UAB (22-8, 12-4 C-USA; RPI: 31; SOS: 77)
9-6 road/neutral, 1-4 top 50, 10-7 top 100
Biggest strengths: Won a top-10 league (on harder "side" of the league with the unbalanced schedule mirroring football), solid road/neutral mark, very solid RPI.
Biggest weaknesses: Only one top 50 win (over fellow bubbler VCU), lost in first C-USA tournament game to East Carolina, a team they had beaten twice already.
The skinny: This will be an interesting test of the debate I had with C-USA's Chris Woolard in Indy while attending the mock selection meeting. UAB compiled a very nice RPI and won the league, while pretty much beating nobody of true substance. The Blazers were swept by Memphis, got crushed at Duke, lost at fellow bubbler Georgia, ate a bad loss at Arizona State and then bombed out against East Carolina in the C-USA quarters. It's worth noting that SMU AD Steve Orsini is on the selection committee. Since UAB's case is pretty much resting on its league crown, having someone there who can even informally vouch for the league's quality can't hurt.
VCU (23-11, 12-6 CAA, RPI: 49, SOS: 86)
12-8 road/neutral, 3-6 top 50, 8-8 top 100
Biggest strengths: A handful of very credible wins; the Rams' five best RPI wins came away from home, which is very impressive; looked like an NCAA team in the CAA final, which is never a bad impression to give.
Biggest weaknesses: Tied-for-third (and was the 4-seed) in a league that's never gotten three bids. Lost last four league games with a chance to really stake a claim. Three bad losses, also lost at bubbler UAB.
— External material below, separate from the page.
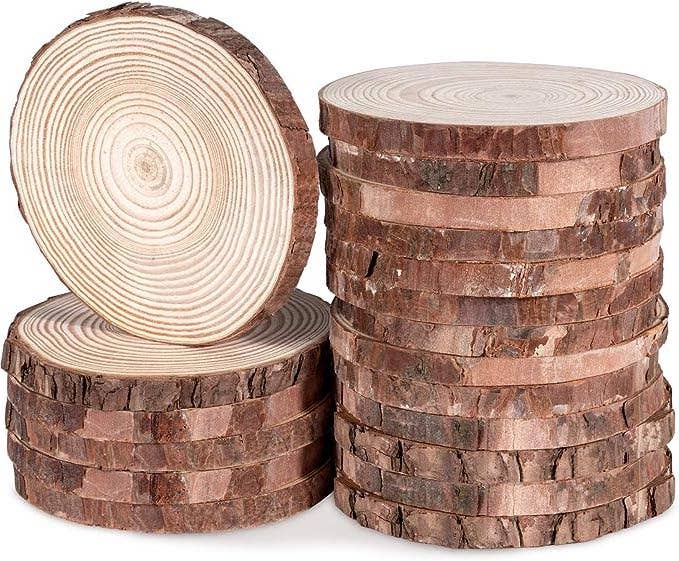 Natural Wood Slice Coaster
The skinny: I feel like we've seen this type of profile before in this league (Hofstra '06 and W&M '10 come to mind), and it has not ended well. Losing five of eight down the stretch could prove to be the killer. Mid-majors can't give the committee reasons to exclude them, and VCU did down the stretch.
Saint Mary's (23-8, 11-3 WCC; RPI: 46, SOS: 102)
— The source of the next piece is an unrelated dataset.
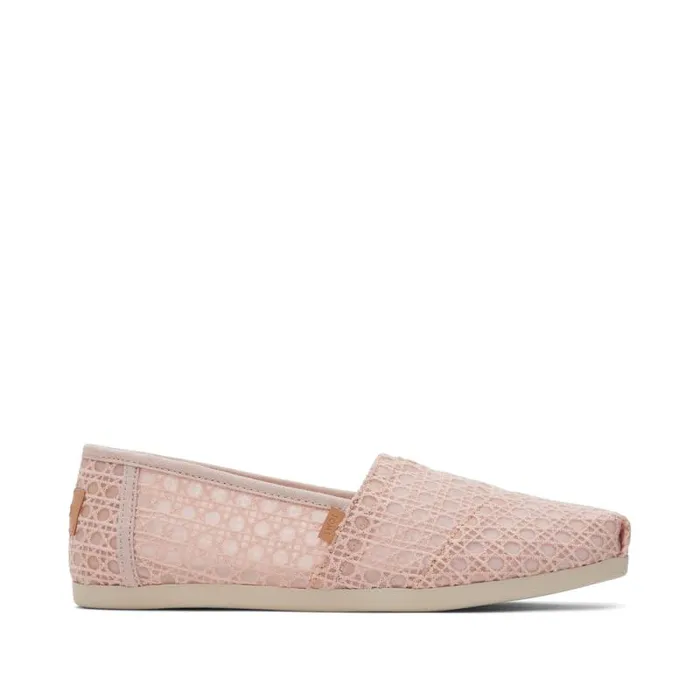 Toms TOMS Classics Alpargata Cloudbound Ballet Pink Basket Weave Lace 8211 Women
10-6 road/neutral, 1-4 top 50, 3-6 top 100
Biggest strengths: Shared the WCC title, good road/neutral mark, have a quality win over St. John's.
Biggest weaknesses: Not enough good wins. Only two inside the RPI top 90, and the second one besides the Red Storm came in the first of three meetings with Gonzaga. Average RPI win and opponent is very weak for an at-large hopeful.
The skinny: I have been way more bearish on the Gaels than most, but I don't see what's in their profile that makes them a legitimate at-large. The win over St. John's was in the season opener, before the Red Storm figured things out. Even more, the Gaels had four straight chances down the stretch to firm things up: Losing at San Diego opened the door for Gonzaga, blowing a big lead at home to Utah State in BracketBusters, then losing at home to the Zags with the WCC solo crown at stake ... and then falling to the Zags for the auto bid in Vegas. Even in a weak year like this, that's way too many missed chances with not enough pluses to balance things out.